* **Task instructions**
Copy exactly the lines of the data below, beginning with the line with "Queta Jewellery Making" and ending with the line with "Small BMW Cars". Pictures are to be omitted.

--- Source records ---

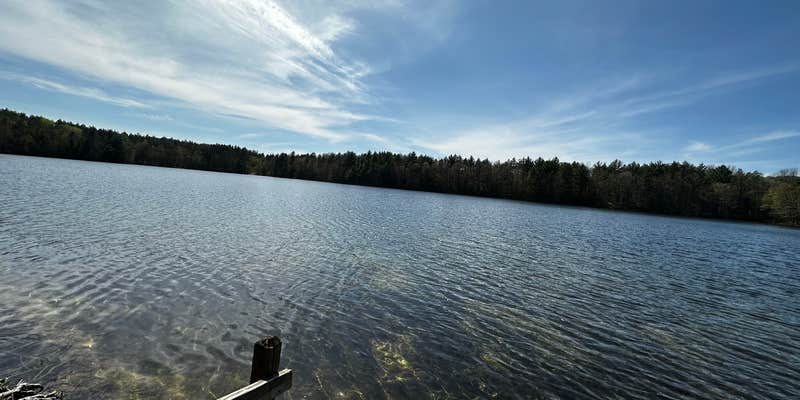 Camper submitted image from Weber Lake State Forest Campground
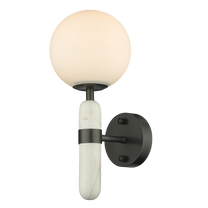 Valgusti seinale Cosmo Light La Spezia W01350BK, E14, 1 x 40 W, valge v. / valge v.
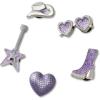 Crocs Jibbitz Girls’ Favorites Shoe Charm Packs, Heart Country Concerts, 5-Pack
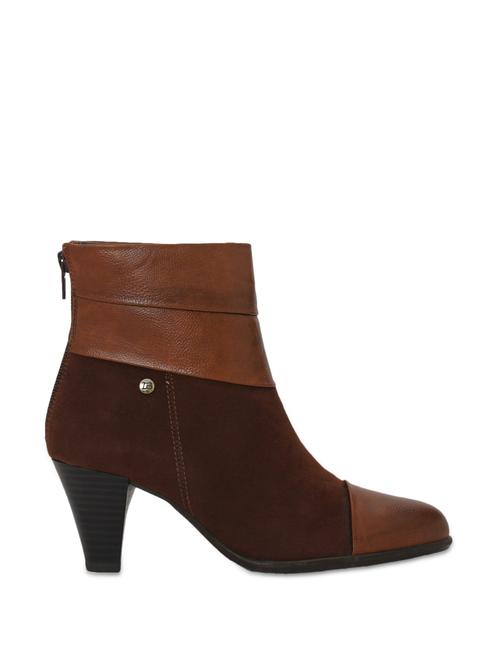 Brown leatherette ankle Boots - 850901 - Very Small Image - 1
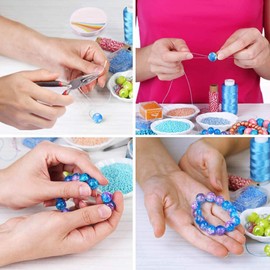 Queta Jewellery Making Set, Jewellery Crafting Accessories includes Pliers Jewellery Repair Set Necklaces Band Pendant Accessories Kit for DIY Craft Supplies (Type 1).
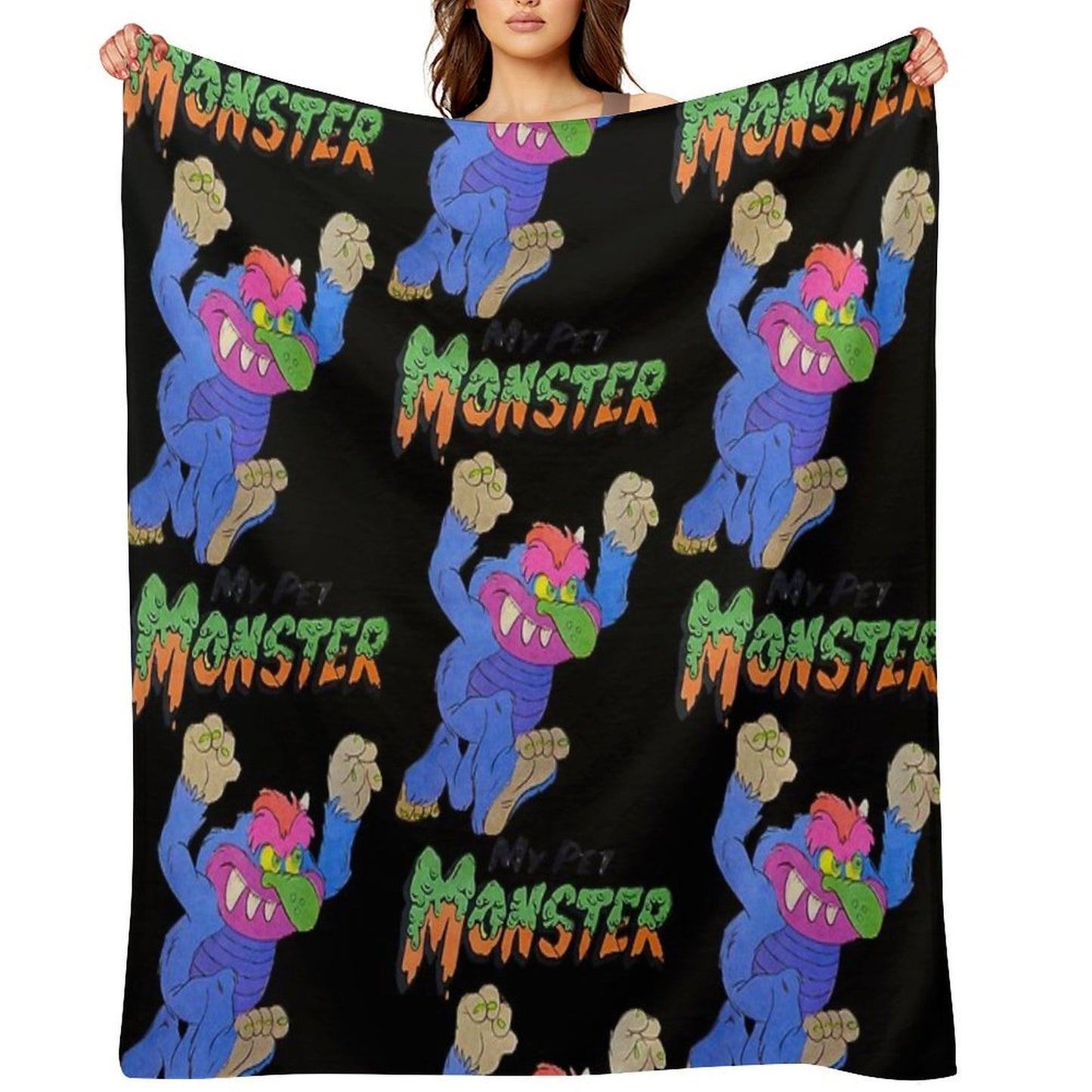 My Pet Monster Throw Blanket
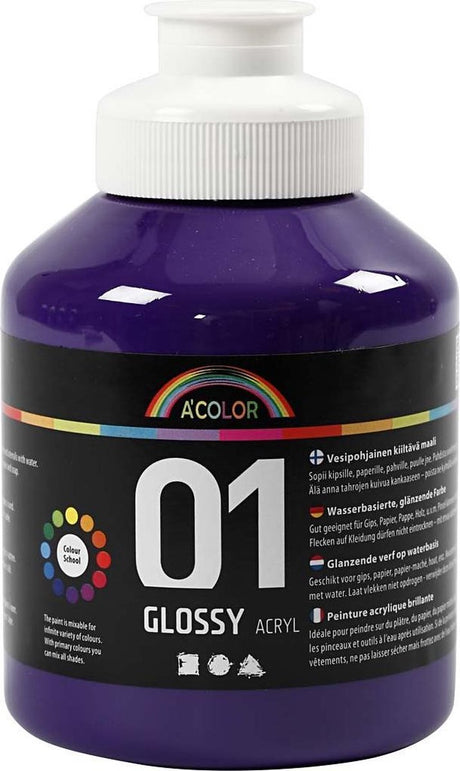 A-Color glänzende Acrylfarbe, violett, 01 – glänzend, 500 ml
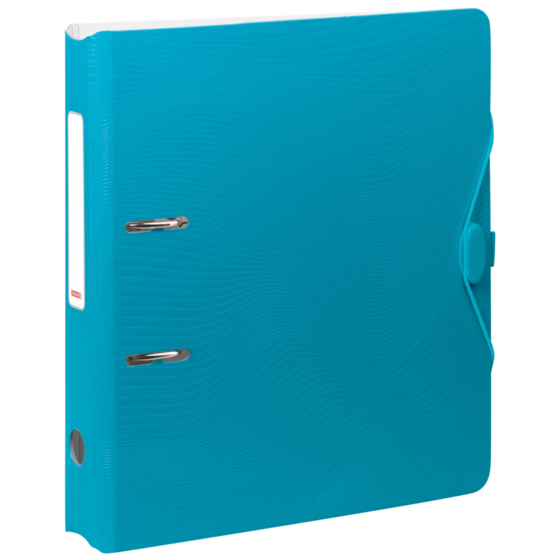 Ordner „WAVE“ | A4, 50 mm, Hebelmechanik mit gummiertem Griff, türkis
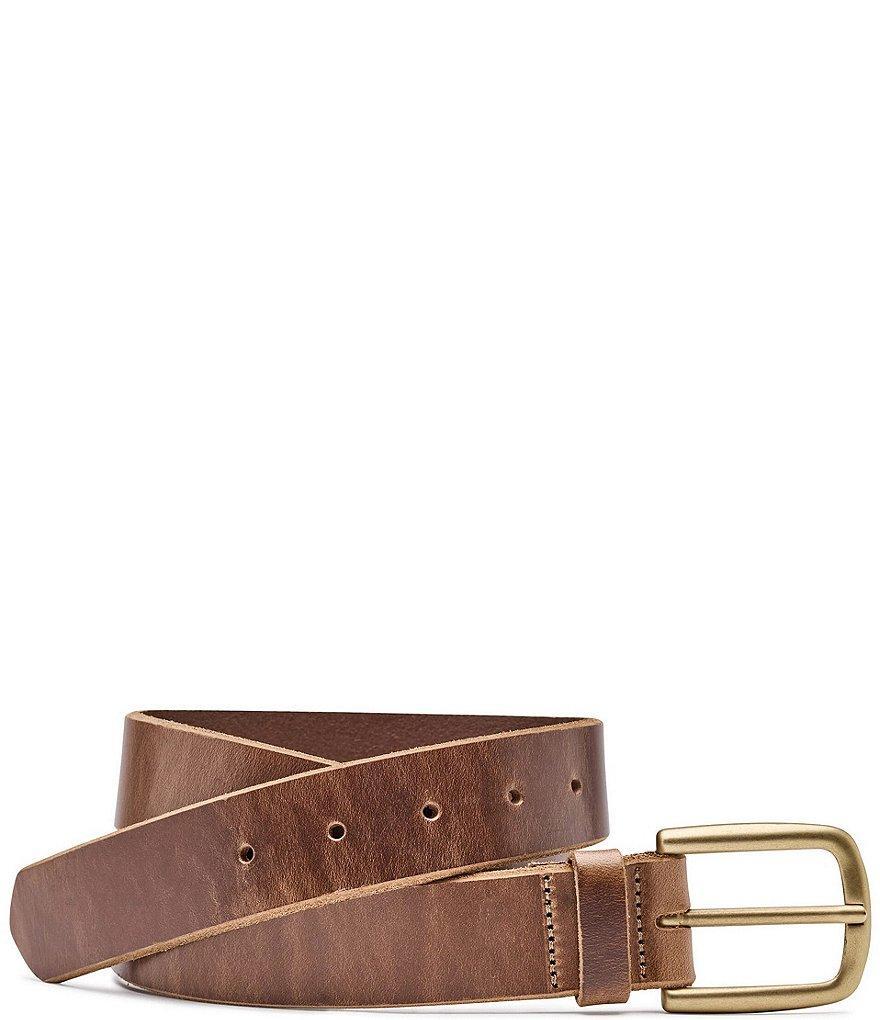 Johnston & Murphy Men's Weathered Raw Edge Belt Product Image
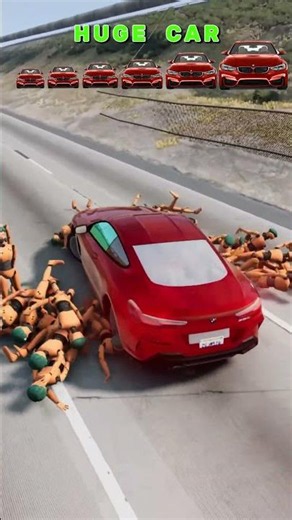 😱 “Big & Small BMW Cars vs 50 Dummies!”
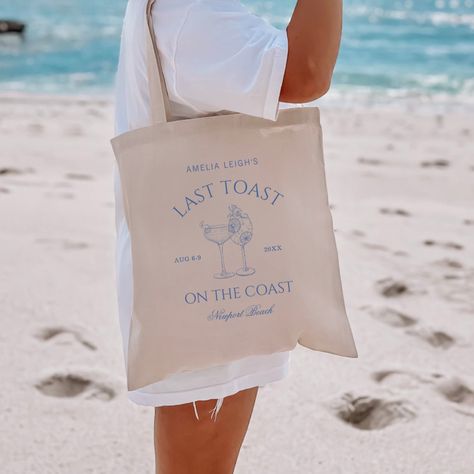 Elevate your bachelorette squad with personalized tote bags! These stylish and practical accessories are perfect for carrying all your essentials while celebrating in style. Get your crew matching totes and make your bach bash truly unforgettable! #BacheloretteParty #ToteBags #BrideTribe #WeddingSeason #CustomizedGifts #BrideSquad #PersonalizedTotes #GirlsNightOut #BacheloretteCelebration #BridesmaidsGifts Drawn Cocktails, Bachelorette Swag, Bachelorette Squad, Toast On The Coast Bachelorette, Coastal Bachelorette, Bachelorette Tote Bags, Bachelorette Bag, Bachelorette Tote, Last Toast On The Coast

---

* **Response to this task**
 Queta Jewellery Making Set, Jewellery Crafting Accessories includes Pliers Jewellery Repair Set Necklaces Band Pendant Accessories Kit for DIY Craft Supplies (Type 1).
 My Pet Monster Throw Blanket
 A-Color glänzende Acrylfarbe, violett, 01 – glänzend, 500 ml
 Ordner „WAVE“ | A4, 50 mm, Hebelmechanik mit gummiertem Griff, türkis
 Johnston & Murphy Men's Weathered Raw Edge Belt Product Image
 😱 “Big & Small BMW Cars vs 50 Dummies!”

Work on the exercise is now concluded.